Grass, sedge, or weapon?

What is it?

Why, that’s a “Mace Sedge” – thus a medieval weapon AND a sedge. Actually…not very menacing.  But very cute. Carex grayi is a wonderful clumping sedge, native to Eastern North America.   Mine is situated at the edge of a home-made bog, and is at least 2.5′ tall with an upright habit.

More common in the trade are the cascading Asian sedges such as Carex dlichostachy ‘Kaga Nishiki’, C. oshimensis ‘Evergold’, and C. morrowii ‘Variagta’, all fabulous plants for the part-shade garden.  My hair has been likened to New Zealand native C. buchananii, the coppery leatherleaf sedge (I took this as a compliment).

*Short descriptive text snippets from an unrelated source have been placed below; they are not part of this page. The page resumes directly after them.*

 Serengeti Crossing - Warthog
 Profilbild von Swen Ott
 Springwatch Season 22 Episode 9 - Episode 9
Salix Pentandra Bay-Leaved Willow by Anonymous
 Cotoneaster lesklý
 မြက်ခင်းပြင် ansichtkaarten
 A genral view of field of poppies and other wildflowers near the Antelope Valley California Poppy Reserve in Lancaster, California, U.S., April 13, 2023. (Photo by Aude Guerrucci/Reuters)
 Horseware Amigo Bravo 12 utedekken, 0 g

The genus is chock full of garden-worthy species, of which the North American natives are finally getting some attention. Folks like grass guru Rick Darke and meadow man John Greenlee have been promoting the heck out of native sedges for both the east and west coasts, respectively. I can’t even remember where I put my mitts on this one, but have been enjoying the heck out of it for the past two years.

7 thoughts on “Grass, sedge, or weapon?”

  1. This sedge always remind me of yellow nut sedge and makes me…uncomfortable. I think you should style your hair like C. buchananii for the Gala…very vertical 🙂 You could be 7.5′ tall!

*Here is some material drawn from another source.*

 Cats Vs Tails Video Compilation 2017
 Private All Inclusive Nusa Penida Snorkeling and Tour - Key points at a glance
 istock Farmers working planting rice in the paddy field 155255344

  2. Oh this is nothing like nut sedge. Bite your tongue. But thanks for the hairstyle advice/commentary on my height 😉

  3. Always remember: rushes are round and sedges have edges (which is not totally accurate but a pretty good rule of thumb). This sedge is very cool, Holly. I’ve never seen it before.

  4. So what is the ‘mace’ in botanical terms — a flower? a seed pod?

    I acquired a sedge by accident (grower mistake) and haven’t been able to clearly ID it, but I’m glad I didn’t weed it out thinking it was a clump of grass. It makes a nice little ‘surprise!’ plant in the midst of Iris prismatica and Iris versicolor.

  5. What a timely post. My SIL’s & I are trekking to the Flower Factory in Oregon,WI and this list this plant in their catalog. Hope its available!

  6. There are many beautiful sedges. One of my favorites is Carex ‘eburnea’, Ivory sedge. It’s soft, green, lanky looking; the kind yo would see in patches in woods.
    Aurea, Bowles’ Golden Sedge, is another one. They grow in part shade, where few ornamental or lawn grasses will go.
    Of course would look great in pots.

  7. Picked this plant up yesterday! Can’t wait to plant it. It is just as great looking for real as in the photos. Thanks for the suggestion.